De son côté, Hugline Jérôme croit qu’il n’y avait pas lieu de faire tout un drame. Mais elle reste positive. « C’est malheureux ! C’est malheureux de s’attaquer ainsi à Rachid Badouri. C’est quelqu’un qui aime de tout cœur Haïti. Et il le dit partout où il passe. Mais je crois qu’il y a toujours une lumière après l’obscurité. L’amour triomphe toujours de la haine et je suis sûre que quelque chose de positif peut sortir de ce fâcheux incident. Cela ne va pas nous décourager à l‘avenir ».

Les réactions ont été positives et les organisateurs satisfaits

« Je suis très satisfaite de cette première édition », a déclaré Hugline Jérôme. « Je nous donnerais une note de 7 sur 10. 7 parce qu’il y a encore de la place pour de l’amélioration, mais aussi parce que nous n’avons réalisé qu’un tiers des activités prévues. L’édition de Decameron et les spectacles sur les places publiques ont été reportés. Mais cette première expérience a été très enrichissante. Je suis très fière de l’équipe qui a beaucoup grandi », a-t-elle par ailleurs ajouté. Il faut dire que dans l’ensemble, les réactions du public ont été très satisfaisantes. Les gens ont fait le déplacement pour apprécier les moments d’humour avec les différents comédiens. « Honnêtement, je ne m’attendais pas à un tel engouement de la part du public. Les feedbacks que j’ai reçus ont dépassé mes espérances. Et cette expérience m’a appris qu’il y a une soif de vivre, une soif de rire en Haïti. C’est un marché ouvert et d’autres aussi peuvent se lancer. Les gens sont prêts à sortir, à faire le déplacement. L’essentiel est de leur offrir quelque chose d’intéressant. Car même en pleine semaine, les spectacles étaient complets »
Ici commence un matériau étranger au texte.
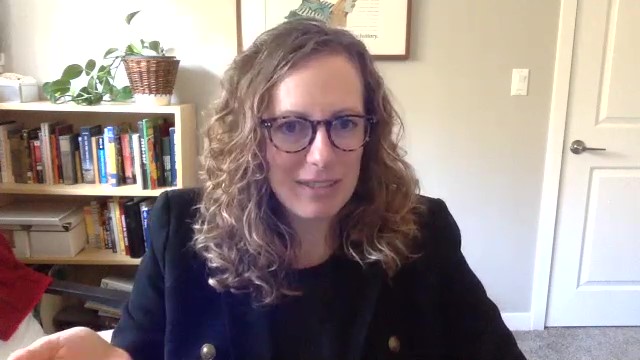 University of Regina professor Donica Belisle teaches food history.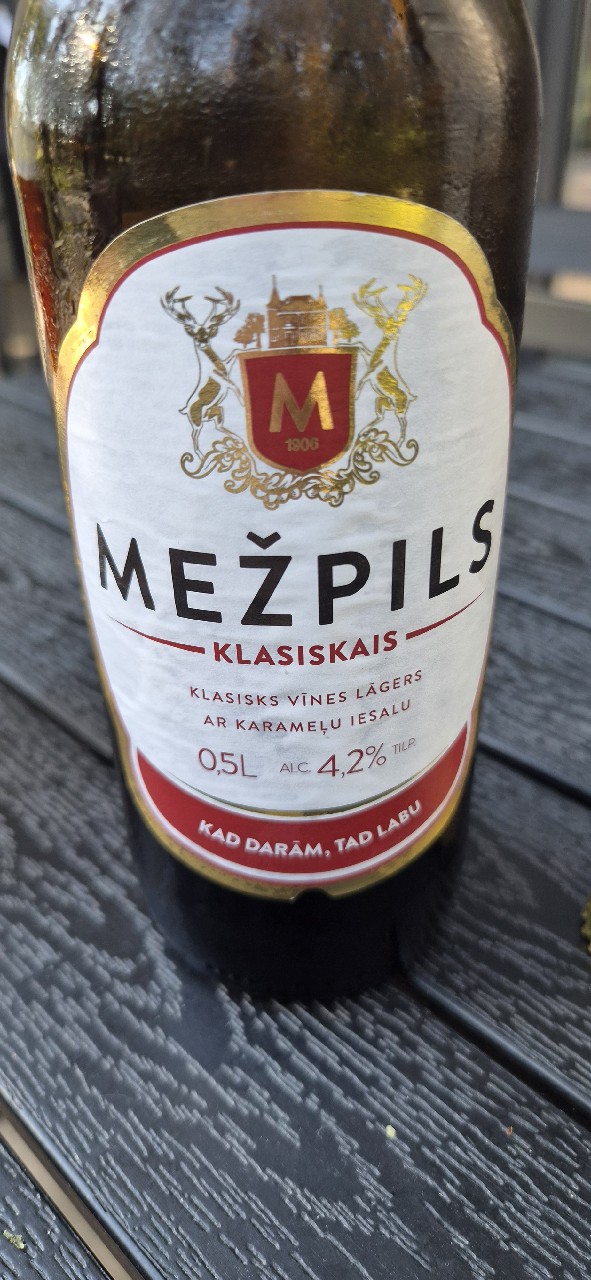 mezpils klasiskais, Latvia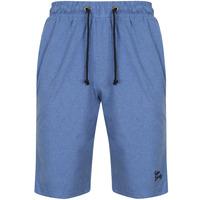 Greenbury Cotton Jersey Lounge Shorts in Cornflower Blue Marl  Tokyo Laundry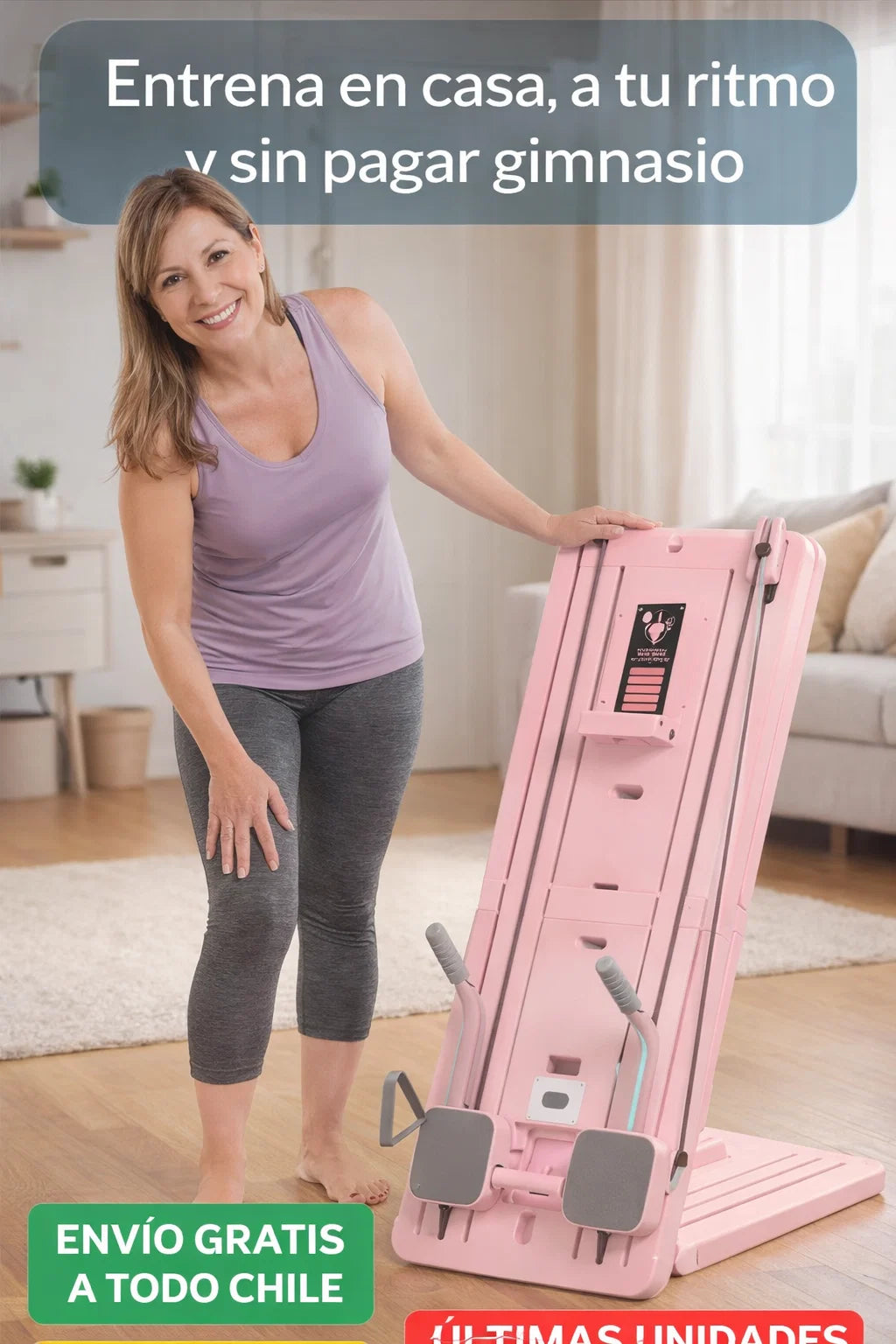 Tabla Para Pilates Plegable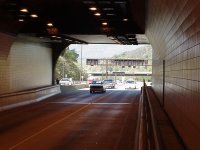 Looking north out of the southbound tunnel.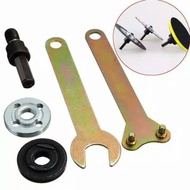 MESIN Arbor adapter function drill to grinder - arbor flange grinder wrench set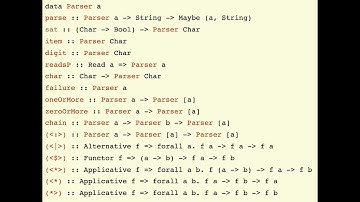 5A (5) Expression Parser Refactored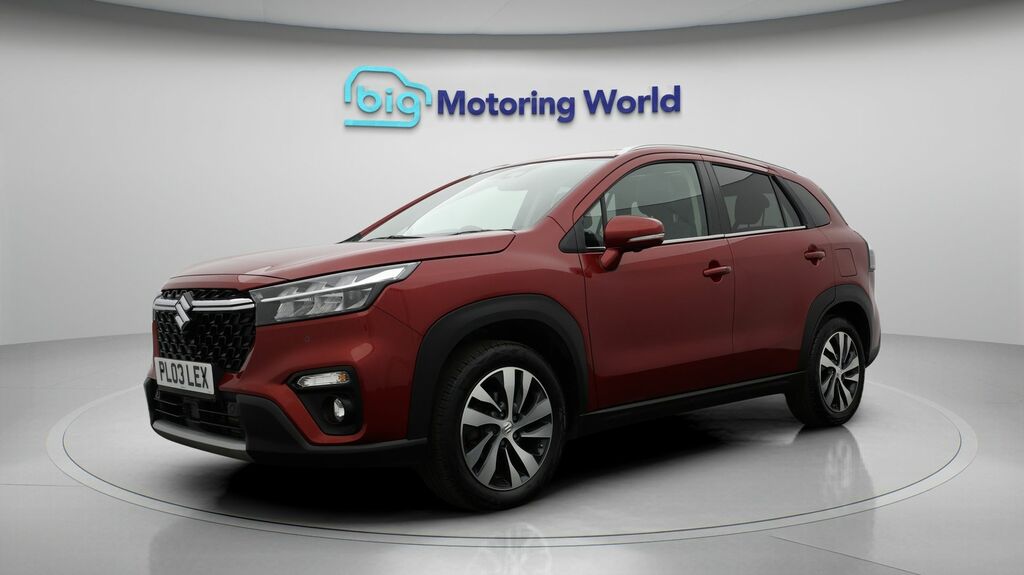 Suzuki S Cross Ultra PL03LEX Red #3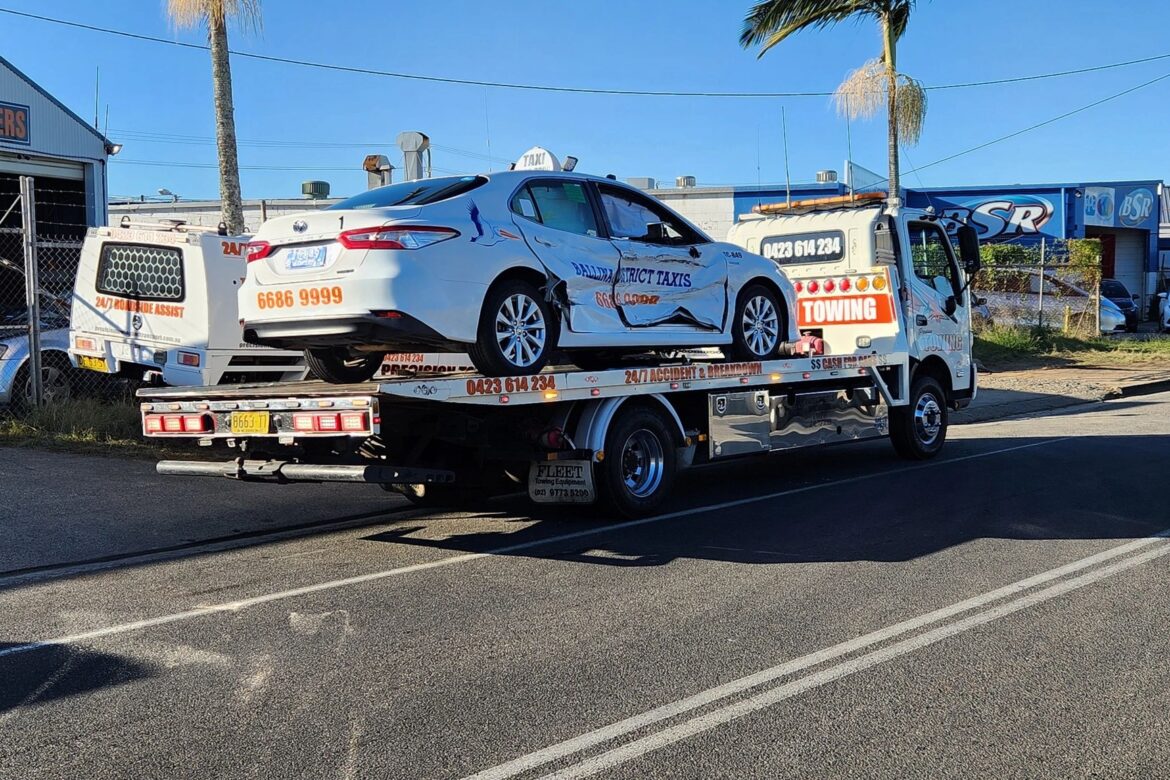 Tow Truck Service in Ballina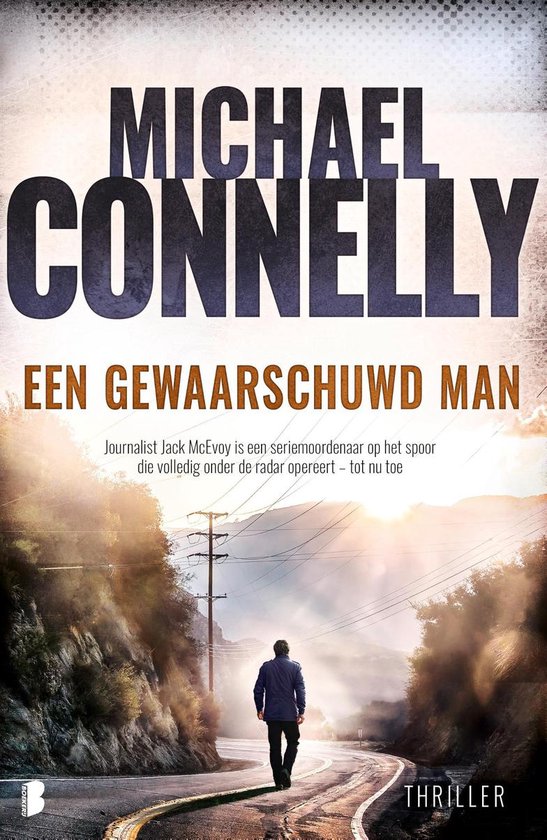 Een gewaarschuwd man - cover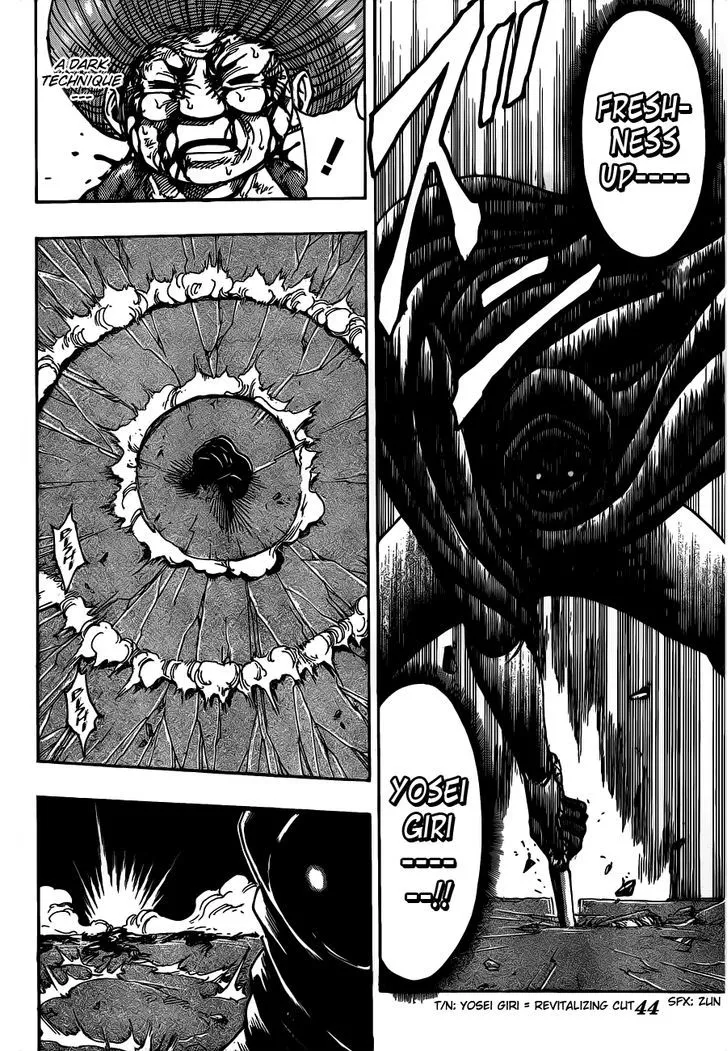 Toriko Mangakakalot X Chapter 242 Page 13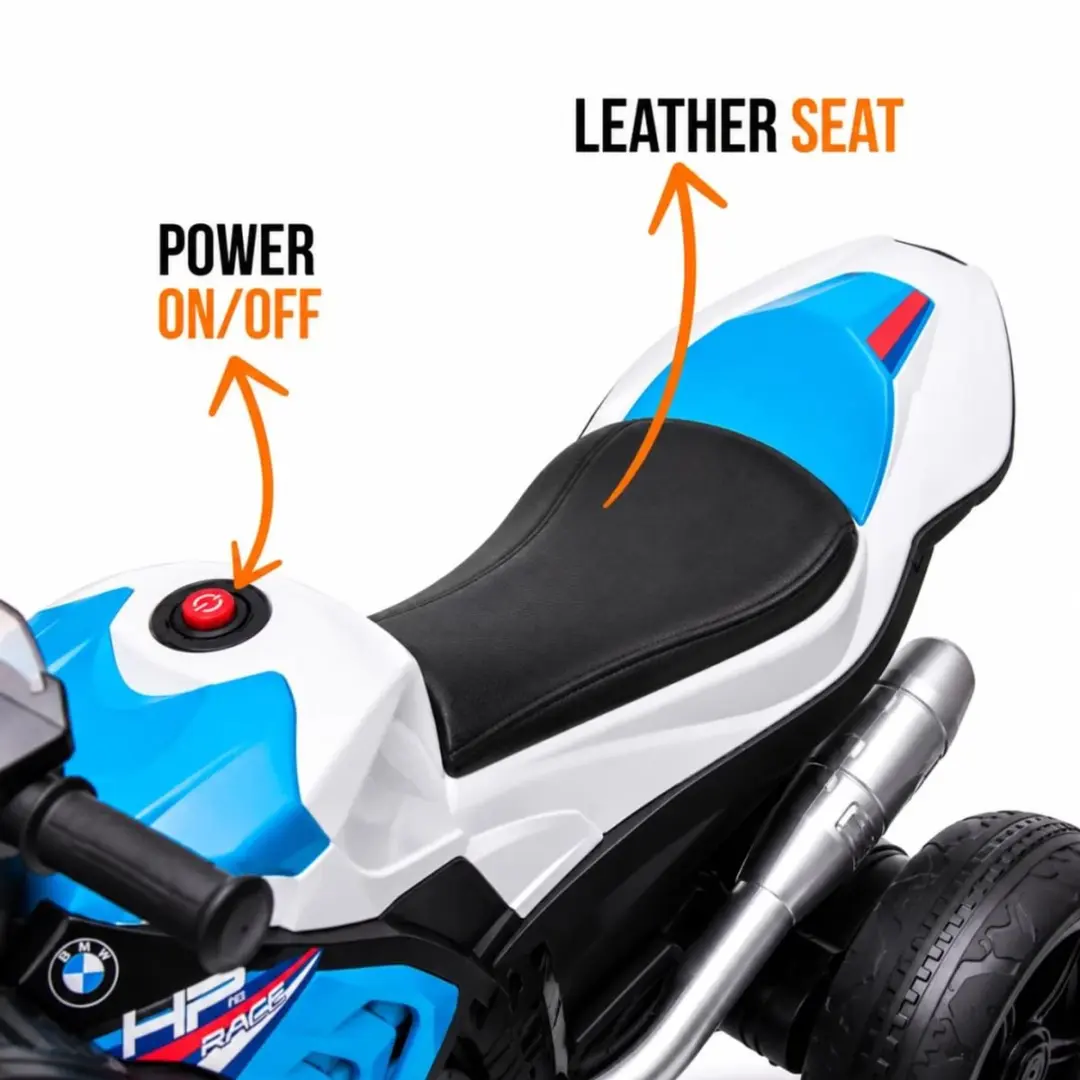 Vrooomy BMW HP4 Mini Driewieler - Blauw - afbeelding 5 van 6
Alors peut-on parler de profit ou de perte ? « Pour le moment, on ne peut pas encore parler de profit. D’ailleurs, on a encore des engagements pour les spectacles qui ont été reportés au mois de novembre. Mais j’ai la chance d’avoir des partenaires qui, en investissant, comprenaient que la première année était un test. Car, pour cette édition, l’objectif premier n’était pas de faire des profits. »

Déjà à l’année prochaine

Organisée par Hugline de Dream Promo avec Steve Rasier comme PDG de Lol fest et Christian Fombrun, secrétaire général, cette première édition s’est déroulée de manière satisfaisante. Déjà, les organisateurs mettent le cap sur celle de 2018. D’ailleurs, dès la soirée de clôture, ils ont annoncé que la prochaine édition du festival se tiendra du 25 juin au 9 juillet prochain. Le nom de l’invité d’honneur sera annoncé en décembre. Mais on sait déjà que Papa Pyè sera le personnage à qui on rendra hommage. L’équipe est à pied d’œuvre pour ce prochain festival qui devrait cette fois prendre place non seulement à Port-au-Prince, à Pétion-Ville, à Carrefour, au centre-ville, mais aussi à Jacmel et au Cap-Haïtien sans oublier le Royal Decameron.